Dari ketiga masalah tersebut, rangkuman sederhana dari birokrasi di Indonesia adalah sebuah organisasi besar yang menyedot banyak anggaran negara, diisi oleh SDM yang sebahagian besarnya masih bermental korup yang kurang bermanfaat bagi masyarakat.
Seperti yang ditulis diawal, permasalah birokrasi Di Indonesia tidak hanya masalah efiesensi dan efektifitas tetapi juga masalah korupsi. Ketika masyarakat negara-negara maju mengeluh dengan birokrasi yang tidak efisen dan efektif, para pemimpinya meresponnya dengan cepat dan menjadikan sebagai agenda utama yang harus dilakukan. Ketika masyarakat Indonesia mengeluh dengan birokrasinya yang tidak efisen dan efektif serta perilaku aparat birokratnya yag masih korup, tidak ada langkah-langkah serius dan fokus dari pemerintah untuk melakukan pembaruan terhadap organisasi pemerintah.
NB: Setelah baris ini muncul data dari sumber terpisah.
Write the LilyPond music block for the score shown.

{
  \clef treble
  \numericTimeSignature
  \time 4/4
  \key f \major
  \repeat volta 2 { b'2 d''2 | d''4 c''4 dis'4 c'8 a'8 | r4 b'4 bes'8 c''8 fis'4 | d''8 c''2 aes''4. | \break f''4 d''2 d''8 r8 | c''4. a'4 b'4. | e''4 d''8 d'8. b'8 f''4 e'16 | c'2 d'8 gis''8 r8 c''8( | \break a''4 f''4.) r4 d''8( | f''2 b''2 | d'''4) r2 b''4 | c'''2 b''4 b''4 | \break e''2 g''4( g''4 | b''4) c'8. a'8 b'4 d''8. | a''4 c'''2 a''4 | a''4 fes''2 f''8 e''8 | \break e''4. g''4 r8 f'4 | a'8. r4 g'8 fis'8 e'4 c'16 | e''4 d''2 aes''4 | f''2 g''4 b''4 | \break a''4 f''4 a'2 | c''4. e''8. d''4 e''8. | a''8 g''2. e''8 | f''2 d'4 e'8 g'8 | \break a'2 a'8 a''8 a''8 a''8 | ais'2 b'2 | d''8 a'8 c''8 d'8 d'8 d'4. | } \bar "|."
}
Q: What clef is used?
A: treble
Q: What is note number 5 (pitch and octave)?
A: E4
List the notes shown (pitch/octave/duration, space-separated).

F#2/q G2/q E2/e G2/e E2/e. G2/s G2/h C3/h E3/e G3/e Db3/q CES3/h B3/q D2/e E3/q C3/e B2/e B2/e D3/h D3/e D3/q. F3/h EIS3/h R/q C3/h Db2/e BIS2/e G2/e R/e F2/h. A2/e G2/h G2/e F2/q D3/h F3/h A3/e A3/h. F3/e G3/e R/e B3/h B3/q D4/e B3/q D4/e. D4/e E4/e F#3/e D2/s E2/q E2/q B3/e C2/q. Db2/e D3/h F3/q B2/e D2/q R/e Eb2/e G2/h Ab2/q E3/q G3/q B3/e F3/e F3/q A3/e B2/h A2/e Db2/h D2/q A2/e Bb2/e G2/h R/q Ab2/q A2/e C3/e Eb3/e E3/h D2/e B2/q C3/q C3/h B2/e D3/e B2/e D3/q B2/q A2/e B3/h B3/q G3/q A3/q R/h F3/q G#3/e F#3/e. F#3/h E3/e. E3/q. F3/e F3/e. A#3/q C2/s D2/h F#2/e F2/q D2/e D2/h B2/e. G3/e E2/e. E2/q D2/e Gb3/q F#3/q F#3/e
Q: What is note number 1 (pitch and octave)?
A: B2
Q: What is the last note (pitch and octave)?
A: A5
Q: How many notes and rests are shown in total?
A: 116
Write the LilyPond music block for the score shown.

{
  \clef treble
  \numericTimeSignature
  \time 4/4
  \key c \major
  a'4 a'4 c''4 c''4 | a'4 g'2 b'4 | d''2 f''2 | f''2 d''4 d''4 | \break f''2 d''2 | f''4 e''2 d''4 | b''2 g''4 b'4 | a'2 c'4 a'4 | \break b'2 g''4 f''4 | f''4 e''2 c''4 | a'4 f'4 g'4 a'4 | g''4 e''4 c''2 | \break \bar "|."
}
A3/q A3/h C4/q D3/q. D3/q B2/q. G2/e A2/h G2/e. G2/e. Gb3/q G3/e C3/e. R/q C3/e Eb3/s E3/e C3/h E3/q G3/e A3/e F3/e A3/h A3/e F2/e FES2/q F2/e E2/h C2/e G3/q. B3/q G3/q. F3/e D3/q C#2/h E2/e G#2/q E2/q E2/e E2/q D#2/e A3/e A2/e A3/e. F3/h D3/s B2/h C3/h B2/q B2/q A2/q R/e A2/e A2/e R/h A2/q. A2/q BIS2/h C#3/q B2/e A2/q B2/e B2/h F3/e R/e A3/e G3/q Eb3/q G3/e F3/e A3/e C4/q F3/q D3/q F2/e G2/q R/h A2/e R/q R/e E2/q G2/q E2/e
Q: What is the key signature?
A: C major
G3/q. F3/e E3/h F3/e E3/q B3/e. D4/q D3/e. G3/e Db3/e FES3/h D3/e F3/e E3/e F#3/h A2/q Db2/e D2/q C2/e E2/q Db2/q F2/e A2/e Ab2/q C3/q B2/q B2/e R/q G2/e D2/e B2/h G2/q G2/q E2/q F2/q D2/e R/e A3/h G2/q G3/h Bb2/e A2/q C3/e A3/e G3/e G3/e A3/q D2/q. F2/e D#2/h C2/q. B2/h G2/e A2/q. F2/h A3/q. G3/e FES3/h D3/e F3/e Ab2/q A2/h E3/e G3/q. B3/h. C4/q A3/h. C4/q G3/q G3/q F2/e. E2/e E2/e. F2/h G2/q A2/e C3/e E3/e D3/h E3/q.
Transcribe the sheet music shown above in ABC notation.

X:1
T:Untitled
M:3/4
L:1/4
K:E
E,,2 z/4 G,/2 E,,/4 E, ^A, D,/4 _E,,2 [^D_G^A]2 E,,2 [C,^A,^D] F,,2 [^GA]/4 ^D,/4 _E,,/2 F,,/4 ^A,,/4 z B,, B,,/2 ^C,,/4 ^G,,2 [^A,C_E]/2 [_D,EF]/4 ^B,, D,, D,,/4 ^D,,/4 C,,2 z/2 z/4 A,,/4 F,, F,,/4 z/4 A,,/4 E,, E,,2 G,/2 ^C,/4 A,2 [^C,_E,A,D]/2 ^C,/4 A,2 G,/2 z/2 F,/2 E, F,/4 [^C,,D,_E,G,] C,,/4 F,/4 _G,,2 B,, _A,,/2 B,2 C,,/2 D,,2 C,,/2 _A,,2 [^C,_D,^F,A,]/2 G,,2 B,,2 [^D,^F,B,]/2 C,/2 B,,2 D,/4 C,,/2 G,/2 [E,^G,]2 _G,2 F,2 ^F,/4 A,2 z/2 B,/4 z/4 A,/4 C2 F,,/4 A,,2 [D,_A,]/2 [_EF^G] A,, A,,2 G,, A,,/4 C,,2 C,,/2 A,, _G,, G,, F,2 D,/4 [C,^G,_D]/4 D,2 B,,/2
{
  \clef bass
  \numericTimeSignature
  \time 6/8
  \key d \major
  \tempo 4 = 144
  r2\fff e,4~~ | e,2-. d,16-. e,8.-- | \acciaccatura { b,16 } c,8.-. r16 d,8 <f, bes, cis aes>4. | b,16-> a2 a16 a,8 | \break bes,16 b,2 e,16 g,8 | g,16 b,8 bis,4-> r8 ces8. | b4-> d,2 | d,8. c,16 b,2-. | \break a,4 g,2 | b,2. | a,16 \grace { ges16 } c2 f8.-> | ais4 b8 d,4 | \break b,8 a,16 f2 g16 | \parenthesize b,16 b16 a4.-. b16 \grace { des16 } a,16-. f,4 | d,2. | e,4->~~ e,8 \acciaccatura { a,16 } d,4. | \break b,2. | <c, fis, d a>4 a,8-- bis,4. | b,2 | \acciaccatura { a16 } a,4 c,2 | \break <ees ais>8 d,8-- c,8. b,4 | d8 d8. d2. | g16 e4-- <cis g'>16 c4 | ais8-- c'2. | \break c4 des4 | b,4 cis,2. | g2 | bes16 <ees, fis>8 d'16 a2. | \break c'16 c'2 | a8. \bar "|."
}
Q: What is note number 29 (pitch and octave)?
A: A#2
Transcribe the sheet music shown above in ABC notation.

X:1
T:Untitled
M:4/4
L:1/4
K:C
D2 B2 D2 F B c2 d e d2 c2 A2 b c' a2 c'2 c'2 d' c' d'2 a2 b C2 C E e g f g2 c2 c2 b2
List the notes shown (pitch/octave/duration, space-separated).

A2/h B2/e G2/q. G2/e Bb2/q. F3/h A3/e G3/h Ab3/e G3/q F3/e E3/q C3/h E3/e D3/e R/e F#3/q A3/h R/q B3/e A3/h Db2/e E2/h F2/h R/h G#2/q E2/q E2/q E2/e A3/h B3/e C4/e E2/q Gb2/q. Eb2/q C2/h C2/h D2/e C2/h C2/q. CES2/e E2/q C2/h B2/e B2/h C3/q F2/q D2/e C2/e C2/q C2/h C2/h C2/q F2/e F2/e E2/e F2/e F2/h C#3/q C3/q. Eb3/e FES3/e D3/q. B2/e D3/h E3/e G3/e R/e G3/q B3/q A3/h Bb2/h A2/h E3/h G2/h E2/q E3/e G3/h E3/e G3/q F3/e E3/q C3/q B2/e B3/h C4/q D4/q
Presiden harus  ada di depan dalam mereformasi birokrasi pemerintahan, perlu dibangun strategi-strategi  sebagai pendongkrak utama perubahan birokrasi (kerjasama kementrian pendayagunaan aparatur negara dan reformasi birokrasi, KPK dan juga Unit Kerja Presiden bidang Pengawasan dan Pengendalian Pembagunan/UKP4) dan dukungan  kelompok politik didalam mereformasi birokrasi dengan mendahulukan kepentingan negara di atas kepentingan kelompoknya.